A story mode in a Mortal Kombat game seems a little odd but it works surprisingly well. Expectations aren’t exactly high for a campaign, considering the most given to us is a semi-broken, half-ass brawler in Tekken games. Here, it is much more realized. The story takes places in an alternate time line where Raiden sends a vision to his past self to correct the future.
The structure is told in chapters, with each character highlighting a few fights then seamlessly moving to the next playable fighter. “Seamless” is the key word here because there is no visible loading to keep you out of the experience. You fight, then immediately watch a pre-rendered cutscene (which allows for the background loading), then get directly launched into a fight. This works extremely well in the game’s favor so you don’t get time to get impatient.
The content (kontent?) of the story is more engaging than you’d think as a lot of these fighters have been around for two decades, giving you time to get familiar. I cared what happened and there were some shocking things to happen to a lot of the characters. The story could have been better, but given the genre’s incredibly low bar for it, Mortal Kombat has set the structure on how to do a story mode.

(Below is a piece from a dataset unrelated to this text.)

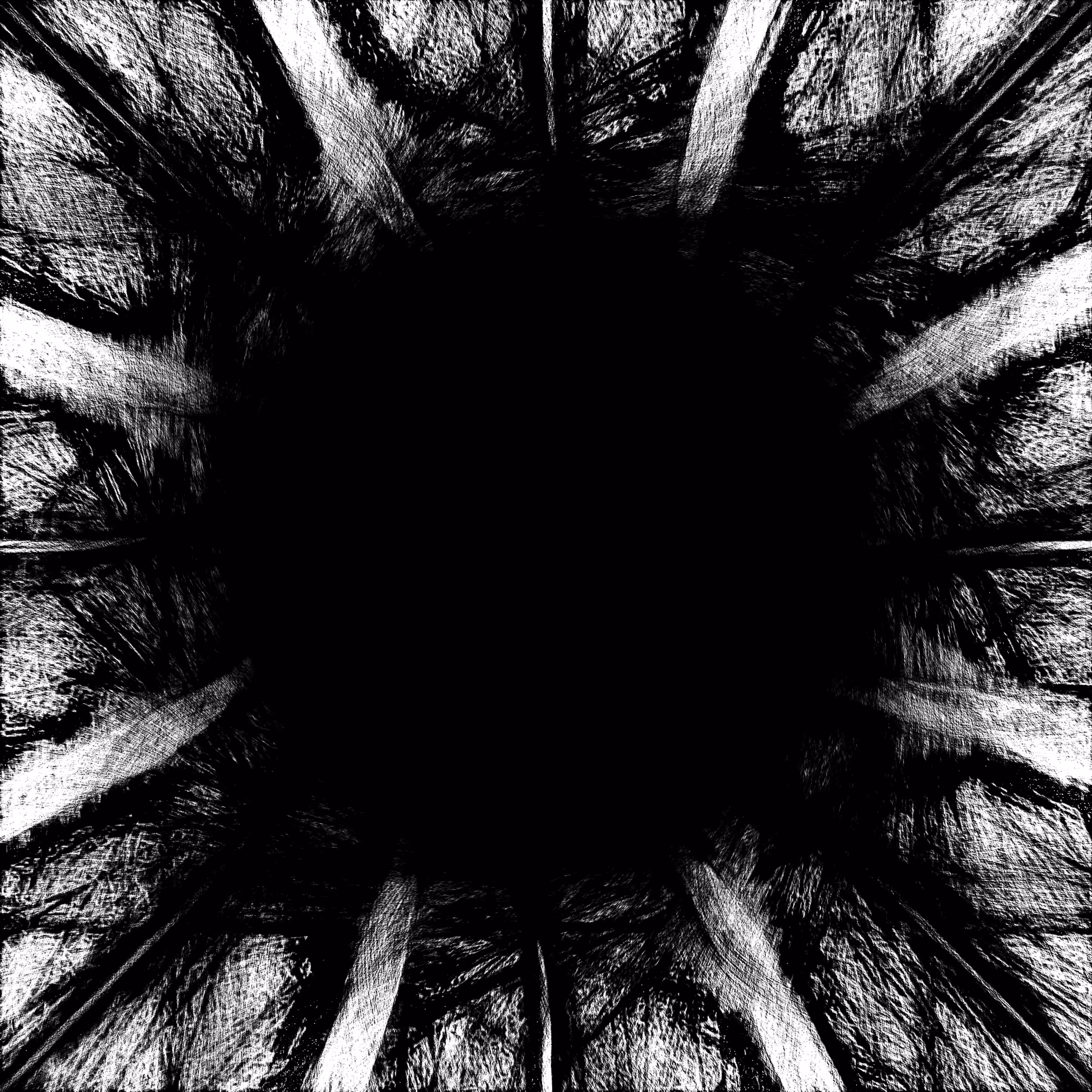 Abstraction 36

Story mode isn’t perfect though. Switching characters is good to give you a chance to experiment but what is not cool is how the odds are stacked. In almost every chapter, you’ll be facing two characters against just your one person. Beating what is essentially four rounds isn’t easy and given your familiarity character, can make it a bit hellish to succeed. In one instance, you’ll be pitted against Goro and Kintaro with a character you literally just unlocked. I won’t lie, I had to be mostly cheap to win these matches to save frustration which is a sign of bad game design.
While the story mode lasts a good 8 or so hours, you’re likely going to spend a lot of time with your favorite fighters in the other modes. I don’t think I’ve seen a fighting game packed with so many different ways to play and stuff to see. There is an arcade ladder (a more traditional story mode), a tag ladder mode (which can be a co-op mode), the 300 challenges in the Challenge Tower, the online modes like King of the Hill, the helpful tutorials, the Test Your Luck/Strike/Might/Sight (mini-games) stages, the place to cash in your koins called the Krypt, and the Nekropolis, a gallery and place to track your stats.

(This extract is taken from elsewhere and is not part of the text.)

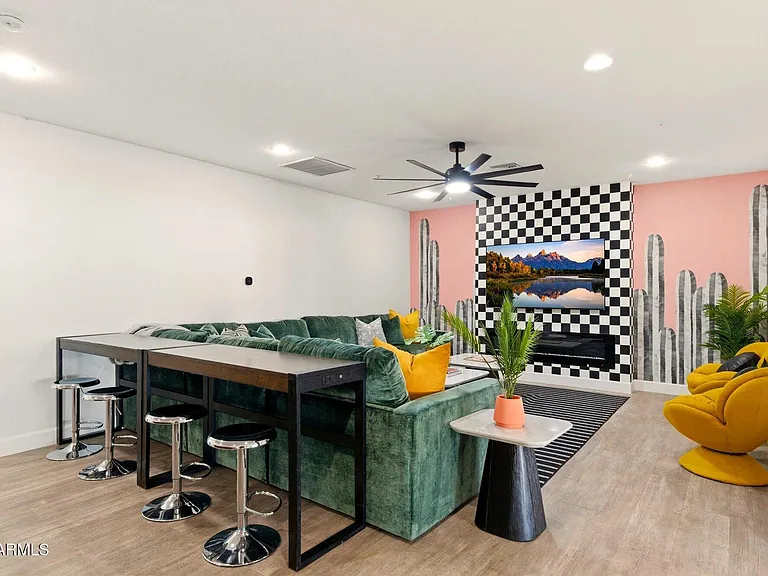 8140 E Pine Dr — Photo 11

Every time I put the game into my console, I freeze at the array of areas in the game to sink my time into. All the options are polished and fun with their own secrets to discover. A few challenges in the Challenge Tower are a drab, but there are 300 of them, so a few missed opportunities are easily forgiven. One of my favorites is the Test Your Luck mode. In this mode, you and a friend (or the AI opponent) are dropped into an arena where a roulette spins with multiple game changing attributes. The absolute randomness here can lead to having no arms (rendering punches useless) or turning the whole screen upside down. Test Your Luck matches are a blast because you never know what is going to happen next.
With all this content focused on fighting, it is a blessing the kombat is such a blast at its core. Unlike Street Fighter, the moves are accessible, only involving usually two directional inputs and a face button. Accessible isn’t a synonym for easy, as creating kombos will take some chunk of your time, but Mortal Kombat is a great game to hop into. Playing the game is fluid and responsive and there are a couple great additions to fights to spice them up. Taking a page directly out of Street Fighter IV, there is a super meter in place here. Taking damage and doing combos fills it and it can be spent in three different ways. One of the three segments can be used as an enhanced special move, two bars can be expended for a combo breaker to quickly get you out of juggles, and the third way is the most exciting. If all three segments are saved, an X-Ray attack can be unleashed. These are game changers, as if you can land them successfully, can shave off 30% to 40% of your opponents health. These don’t break the game, but add an extra layer of strategy. Do you use a breaker and an enhanced move? Or do you wait even longer, risking death, to send out your fatal X-Ray move? Every match has these choices and adds some more depth to an already deep fighter.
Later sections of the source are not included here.